Documents: 23/05/2002 - A note on the Equitable's AGM 23
May 2002 - A note on the Equitable's AGM
The
AGM was very well stage managed, and Treves successfully played to the majority
of members who were in attendance and who were probably there to seek comfort.
This they received when they were advised that the Society was solvent and would
remain solvent - but it was not explained that this may be at the expense of
further reducing policy values. We learnt a few new facts:-
-
claims
(i.e. withdrawals) have reduced to £300m/month
-
the
split of assets held by the with-profits fund, namely equities 25%, 56%
bonds, 13% property, 6% cash
-
the
value of the annuitants part of the fund is about £7.9bn
-
any
compensation will go into the WP fund of the benefit of the members
-
we
cannot go after the regulators until after Penrose because we do not have
the facts in our files
Jeremy
Lever persisted with his request for a reasoned explanation of why the
Society did not consider it appropriate to unit link the fund. Subsequently
Charles Thomson agreed to prepare a paper on the issues within 6-9 months.
Colin
Slater presented the results of our petition seeking change in the Memorandum
& Articles of Association to be ratified at an EGM. But that was brushed
aside with the false claim that the petition result was "old news",
and that the Board would bring forward proposals to next year's AGM because
an EGM would cost £1m to stage. (This is not correct - it should cost
no more than £¼m).
Regrettably
Treves, Thomson, and Belringer continued their policy of generally not answering
questions and/or giving misleading or incorrect answers. Thus I received either
no answer or an incorrect answer to the following questions:-
-
please
provide in laymen's terms an analysis of the with-profits fund's available
assets together with a comparison between the available assets and aggregate
policy values, where the latter are differentiated between guaranteed and
non-guaranteed elements. No answer
-
provide
a proper analysis of the fund's performance i.e. return by asset class.
No answer
The
clear intentions of the FSA in its recently published "Feedback Statement
on the With-Profits Review" is that the above information will be required
in future.
-
report
the number of members in the with-profits fund end of year. No answer
-
set
out clearly the nature and implications of the GIR issue. Treves alleged
that information about GIRs was included in the Compromise document. In
fact there is no reference to GIRs in the document. Furthermore Treves
(or one of the others) made the claim that GIR and non-GIR policyholders
were treated equally, which is impossible - one group has a guarantee
while the other does not
Treves/Belringer/Thomson
made the following incorrect statements:-
-
one
of them claimed that the policy of bringing profits forward to share up
the reserves was "used industry wide". On 5/6 the FT carried a
piece which reported Ned Cazalet as saying that only seven other companies
out of 44 used the practice
-
Treves
blamed the stock market for the further MVA announced on 15 April. In fact
in April the FTSE was more or less where it was a year ago. The recent increase
in the MVA conflicted with Treves' statement on Moneybox on 6/10/2001 that
"Our MVAs are a function of the market conditions, and nothing else"
-
Belringer
incorrectly claimed that the reason for the delay in providing the solvency
return was due to some story about the FSA providing it to Companies House
from where members could request it. In fact under the Financial Services
Market Act, via Rule 9.7 of the interim "Prudential Source Book: Insurers"

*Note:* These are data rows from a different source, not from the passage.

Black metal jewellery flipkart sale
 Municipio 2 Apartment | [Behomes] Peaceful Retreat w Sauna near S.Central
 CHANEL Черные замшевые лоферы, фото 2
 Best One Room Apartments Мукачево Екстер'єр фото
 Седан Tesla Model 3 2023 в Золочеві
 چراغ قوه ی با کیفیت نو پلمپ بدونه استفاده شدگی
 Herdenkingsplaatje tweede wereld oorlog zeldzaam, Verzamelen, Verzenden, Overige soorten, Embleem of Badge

policyholders have a right to receive "deposited documents" once
they are deposited. There was thus nothing stopping the Society putting
the return on its website the day after it was deposited with the FSA, nor
providing it to any policyholder or journalist who asked for it. I subsequently
learnt that he tried to fob off a number of professional actuaries who sought
the solvency return, and the Association of Consulting Actuaries sent him
an e-mail asking him to stop playing games. My informant commented that
it was clear that the objective was to keep the return under wraps until
after the AGM
-
misleading
statements were made about the format of the Annual Report & Accounts.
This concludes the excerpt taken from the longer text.